Problem to solve. From the top of the entries, reproduce each line exactly, stopping after the line that contains "2011 Single ALTEC AA55E Bucket Truck". Omit pictures.

□ □ □

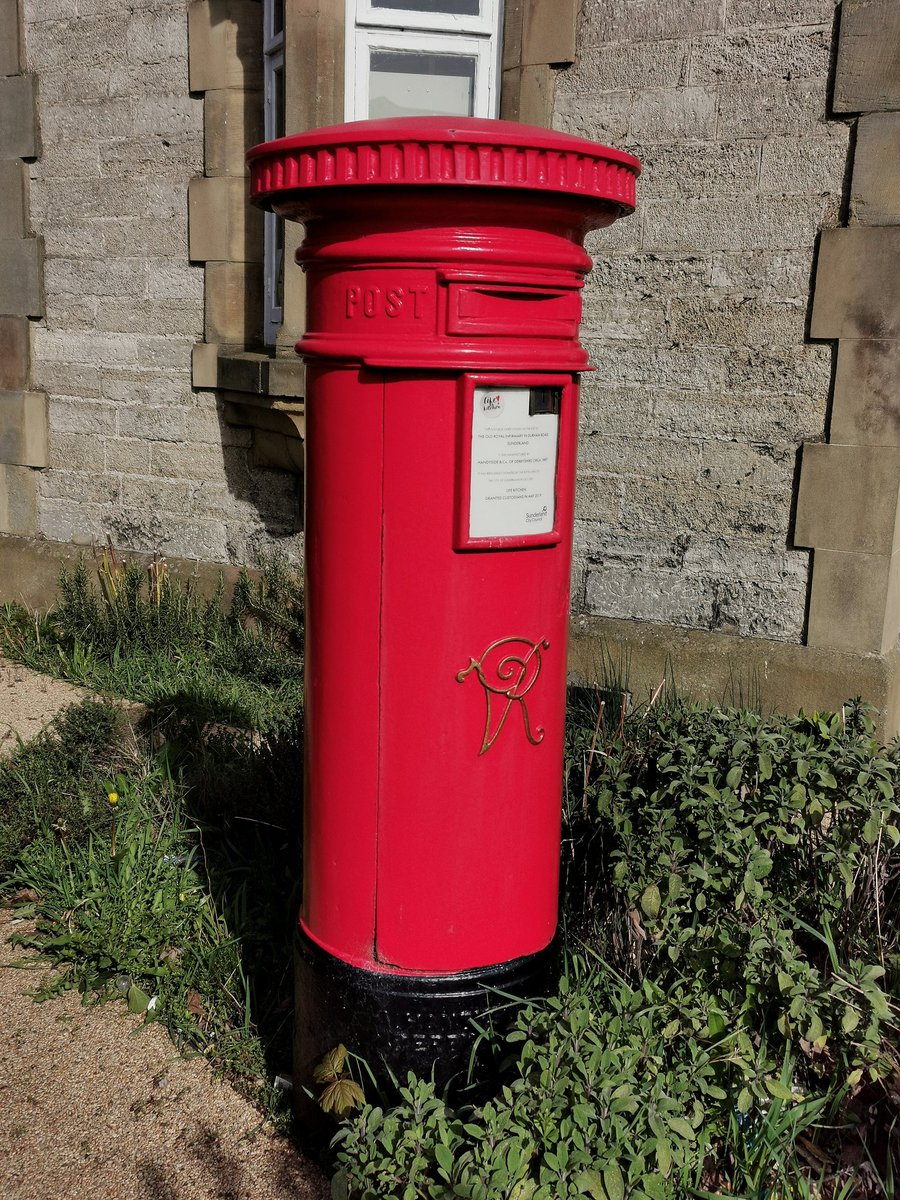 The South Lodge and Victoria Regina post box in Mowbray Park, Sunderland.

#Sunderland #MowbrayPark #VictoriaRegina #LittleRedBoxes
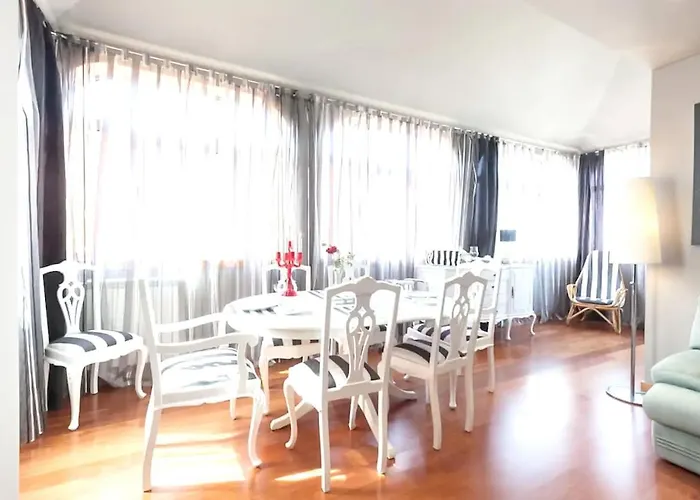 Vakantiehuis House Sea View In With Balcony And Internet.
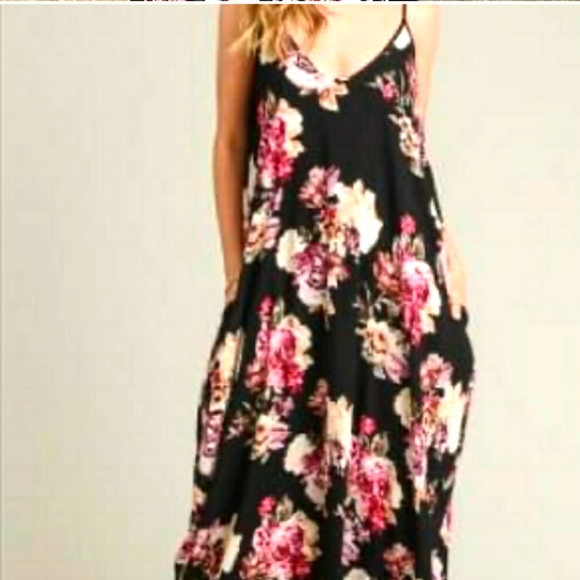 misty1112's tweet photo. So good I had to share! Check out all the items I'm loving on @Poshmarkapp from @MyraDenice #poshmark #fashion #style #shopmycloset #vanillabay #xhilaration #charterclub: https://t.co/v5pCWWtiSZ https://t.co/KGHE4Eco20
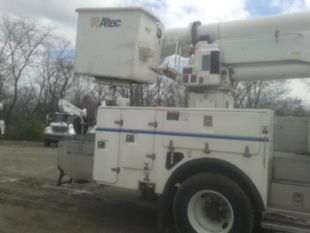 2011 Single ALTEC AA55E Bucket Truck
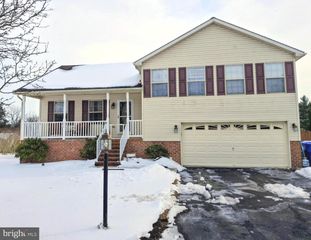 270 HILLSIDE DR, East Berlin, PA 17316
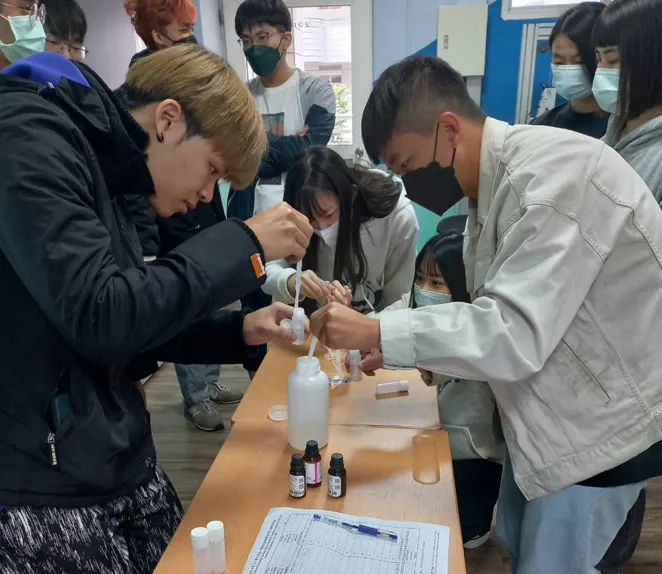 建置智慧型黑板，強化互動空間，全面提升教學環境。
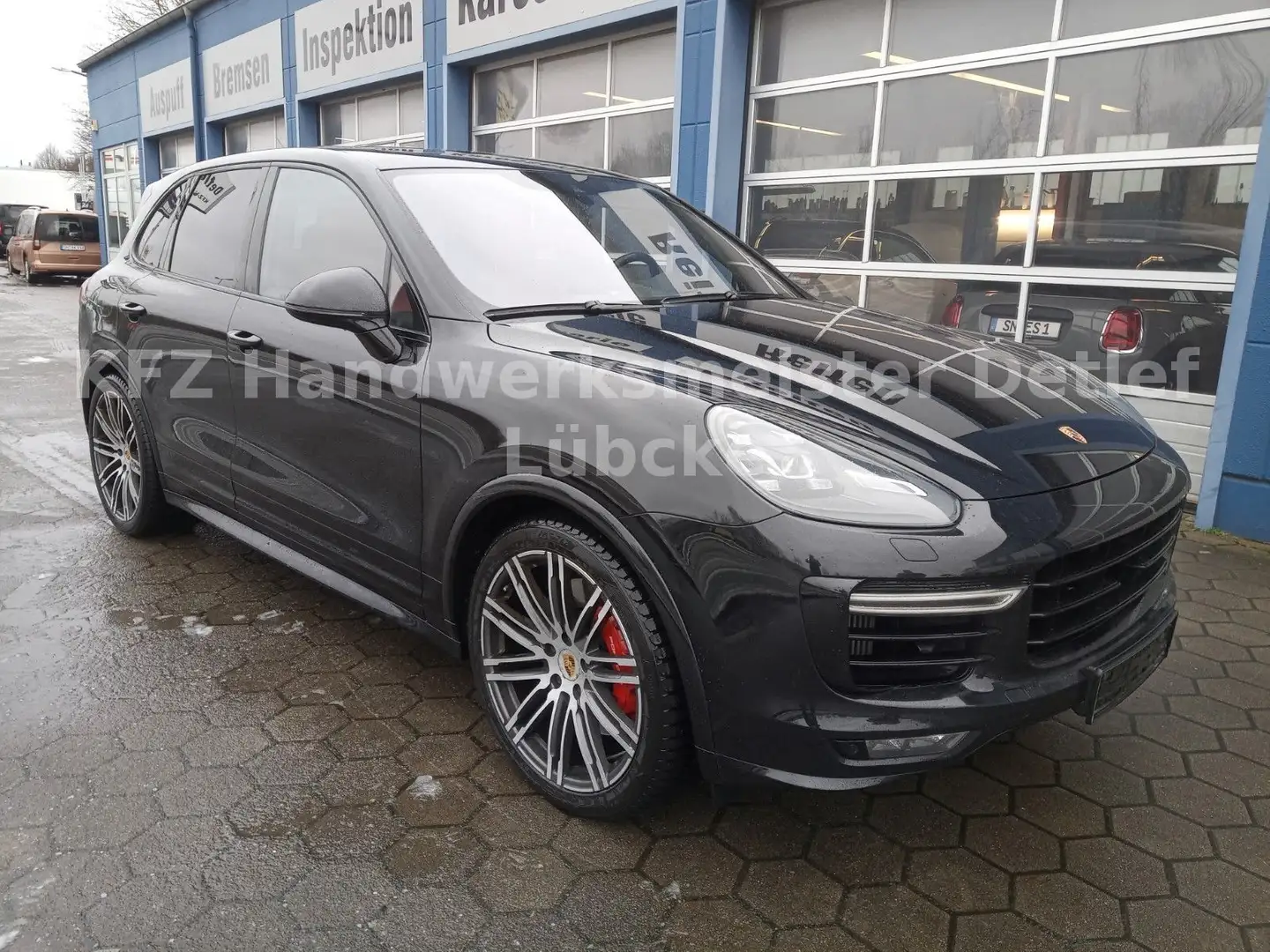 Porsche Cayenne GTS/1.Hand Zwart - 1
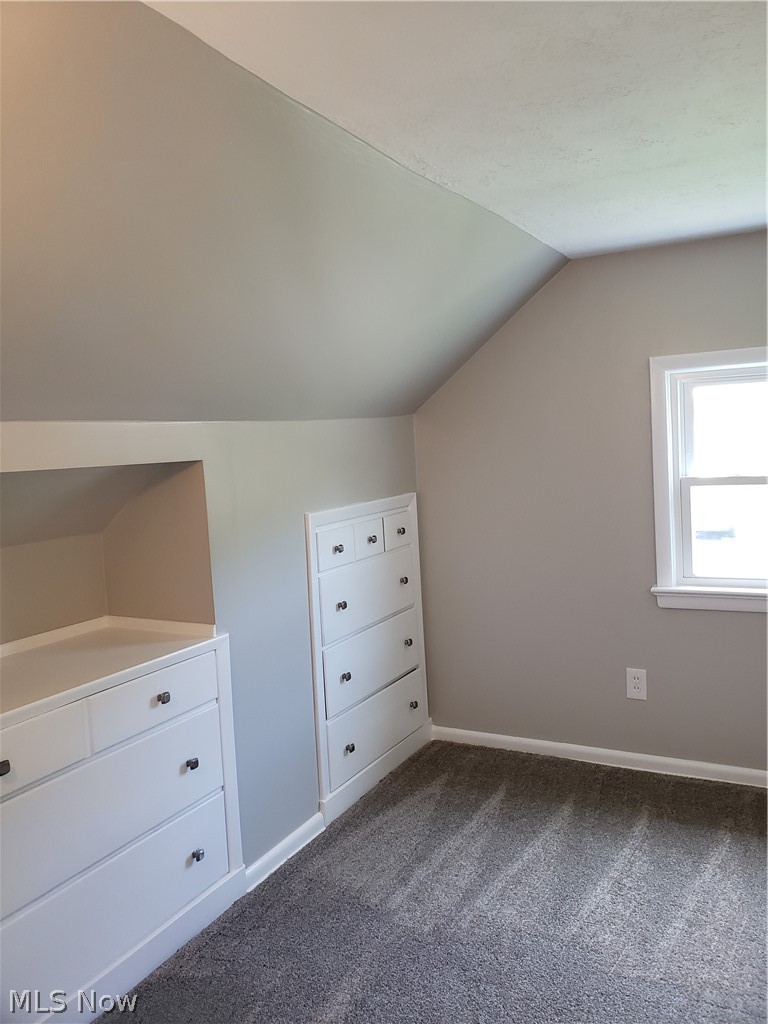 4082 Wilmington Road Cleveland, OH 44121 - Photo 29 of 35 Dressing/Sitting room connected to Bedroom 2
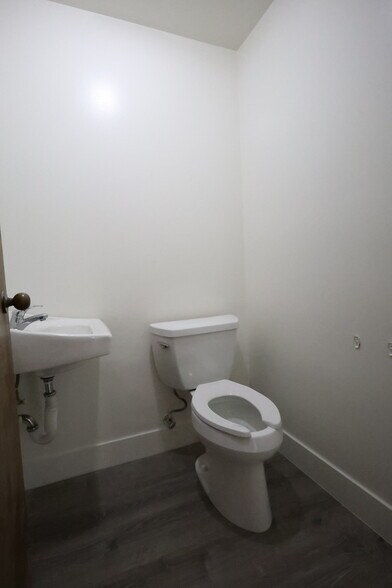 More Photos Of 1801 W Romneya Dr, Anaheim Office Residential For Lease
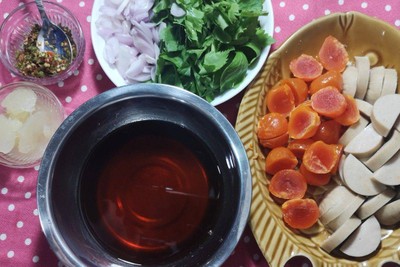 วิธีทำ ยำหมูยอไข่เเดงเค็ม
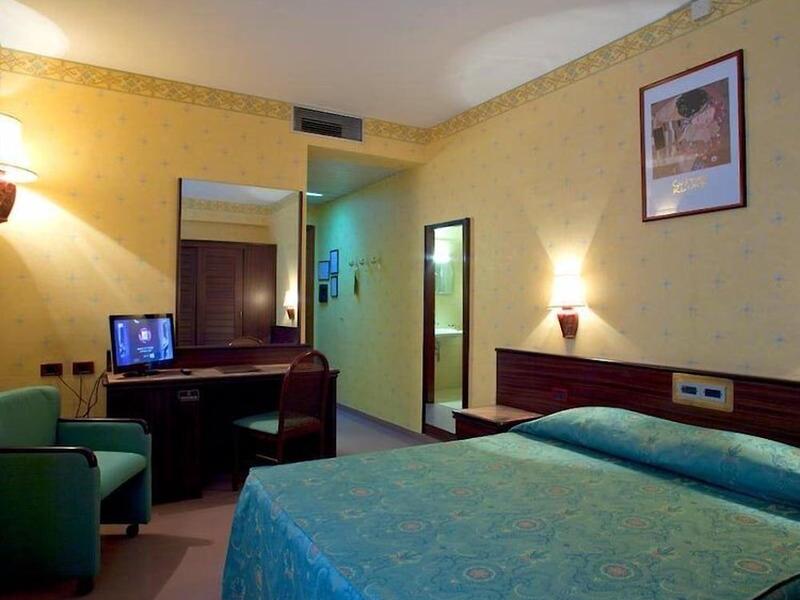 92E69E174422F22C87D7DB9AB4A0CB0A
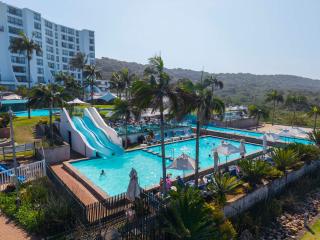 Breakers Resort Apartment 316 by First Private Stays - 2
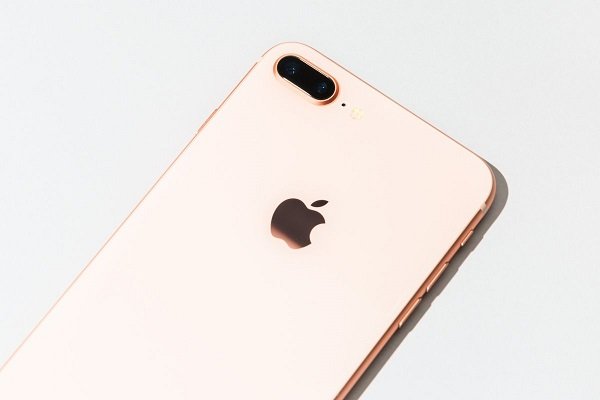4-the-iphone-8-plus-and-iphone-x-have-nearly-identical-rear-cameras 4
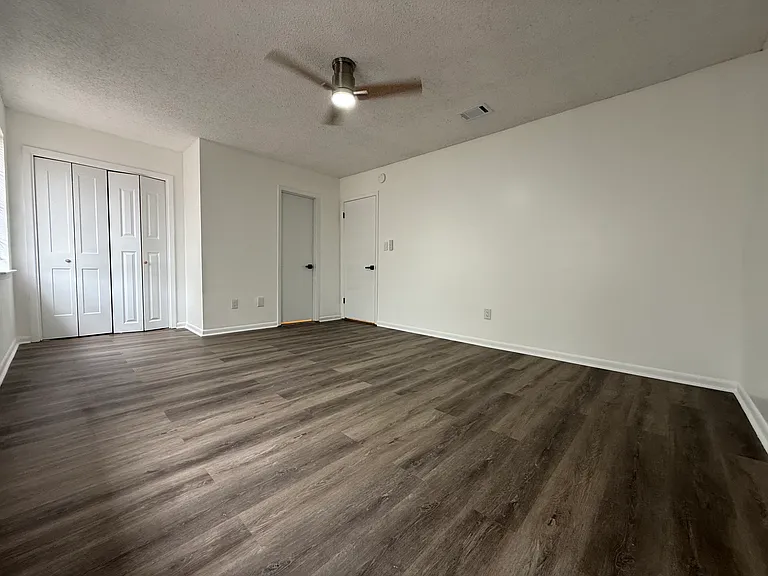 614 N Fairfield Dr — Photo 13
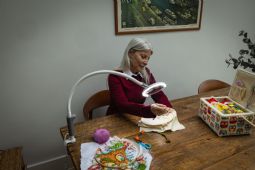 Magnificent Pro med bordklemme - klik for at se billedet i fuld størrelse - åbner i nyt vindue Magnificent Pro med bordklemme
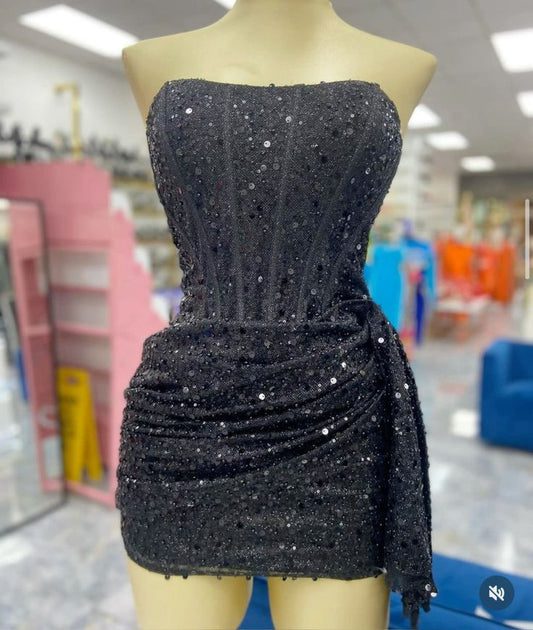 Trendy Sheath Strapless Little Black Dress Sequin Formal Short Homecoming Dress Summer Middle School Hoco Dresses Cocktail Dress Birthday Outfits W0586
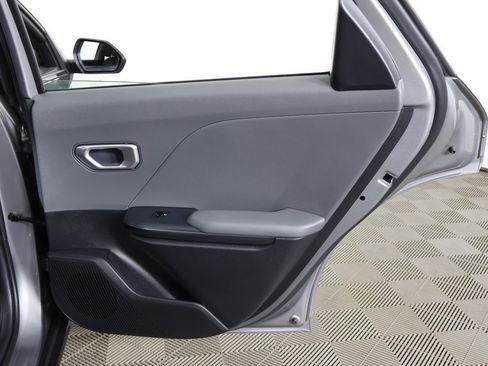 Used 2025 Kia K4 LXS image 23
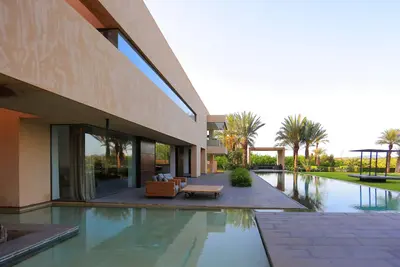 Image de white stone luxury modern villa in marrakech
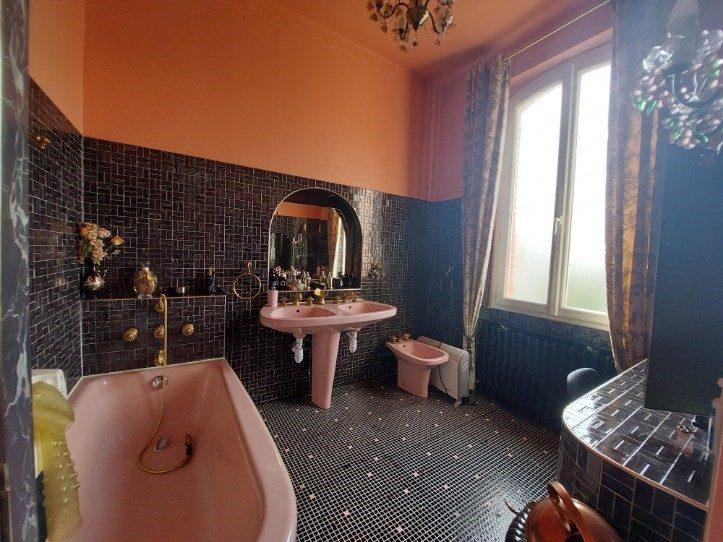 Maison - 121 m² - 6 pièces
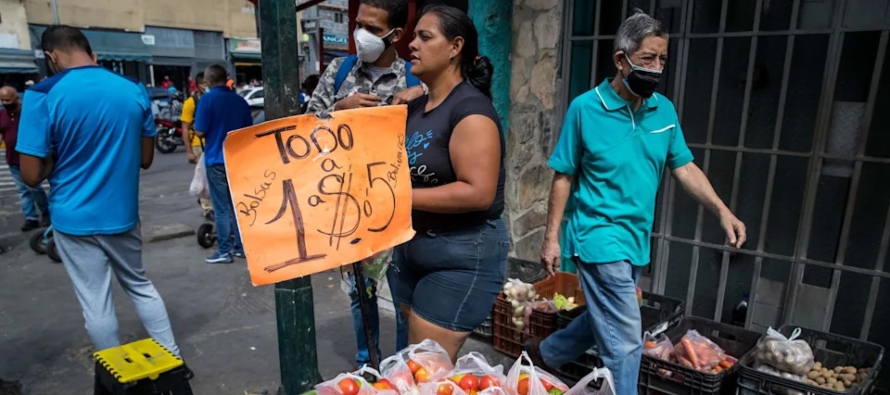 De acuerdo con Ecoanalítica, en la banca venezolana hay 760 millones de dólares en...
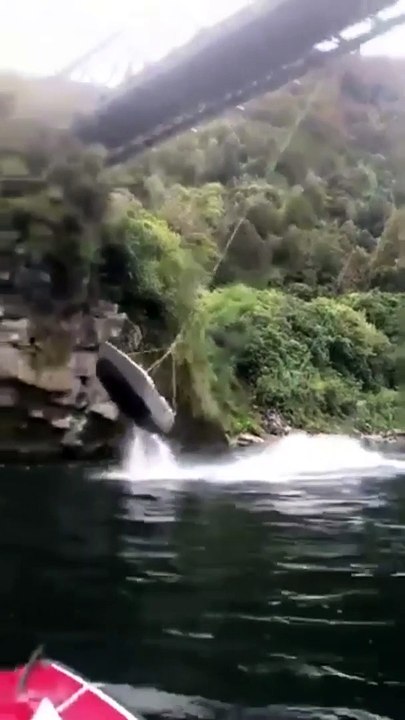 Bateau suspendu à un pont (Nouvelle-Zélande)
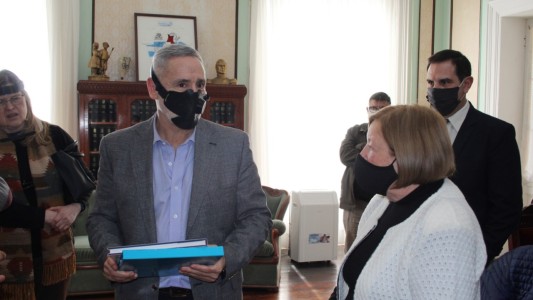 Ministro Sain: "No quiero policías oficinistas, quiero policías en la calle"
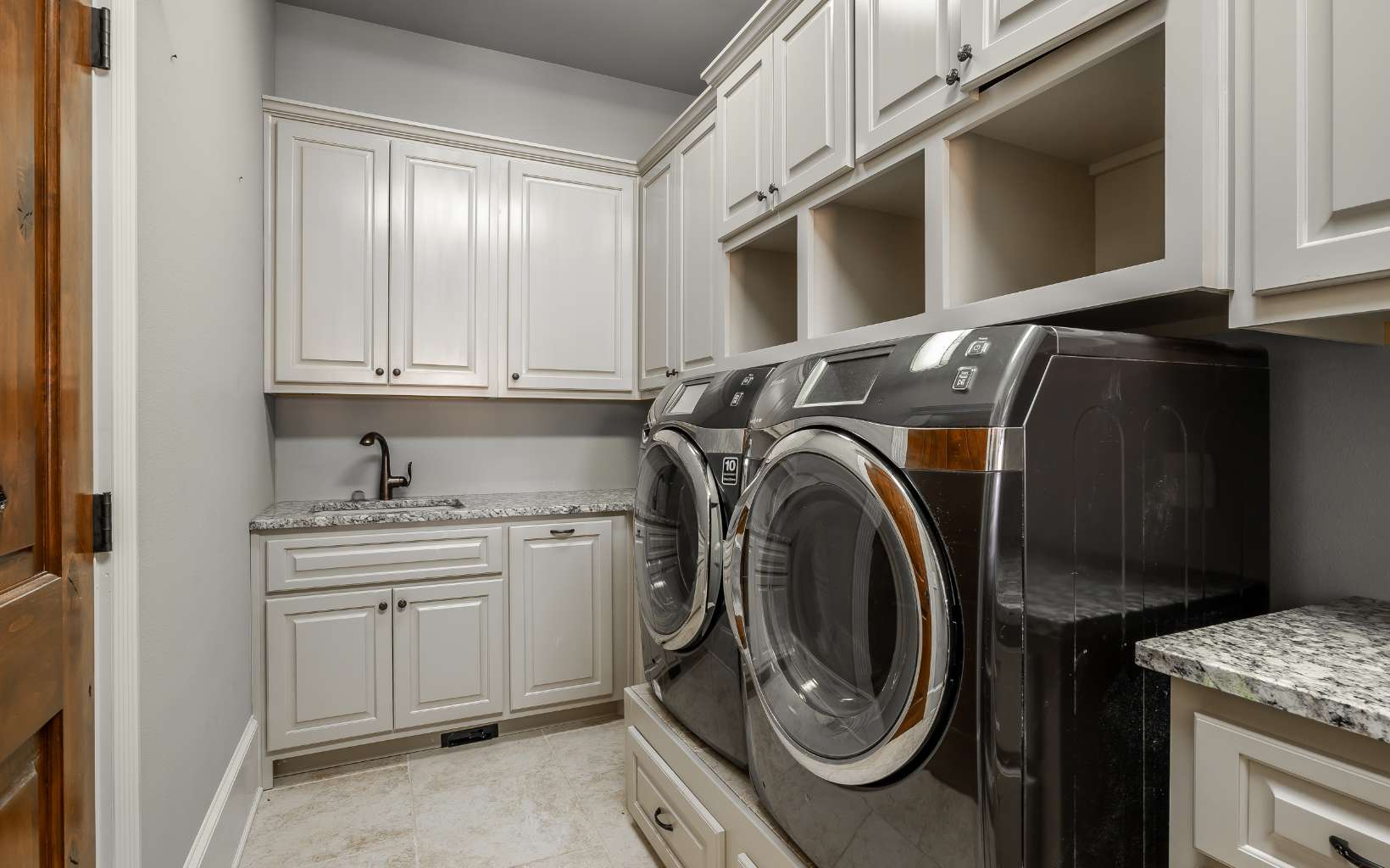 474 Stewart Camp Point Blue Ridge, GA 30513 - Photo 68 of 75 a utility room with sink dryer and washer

□ □ □

Solution to this problem.
 The South Lodge and Victoria Regina post box in Mowbray Park, Sunderland.

#Sunderland #MowbrayPark #VictoriaRegina #LittleRedBoxes
 Vakantiehuis House Sea View In With Balcony And Internet.
 misty1112's tweet photo. So good I had to share! Check out all the items I'm loving on @Poshmarkapp from @MyraDenice #poshmark #fashion #style #shopmycloset #vanillabay #xhilaration #charterclub: https://t.co/v5pCWWtiSZ https://t.co/KGHE4Eco20
 2011 Single ALTEC AA55E Bucket Truck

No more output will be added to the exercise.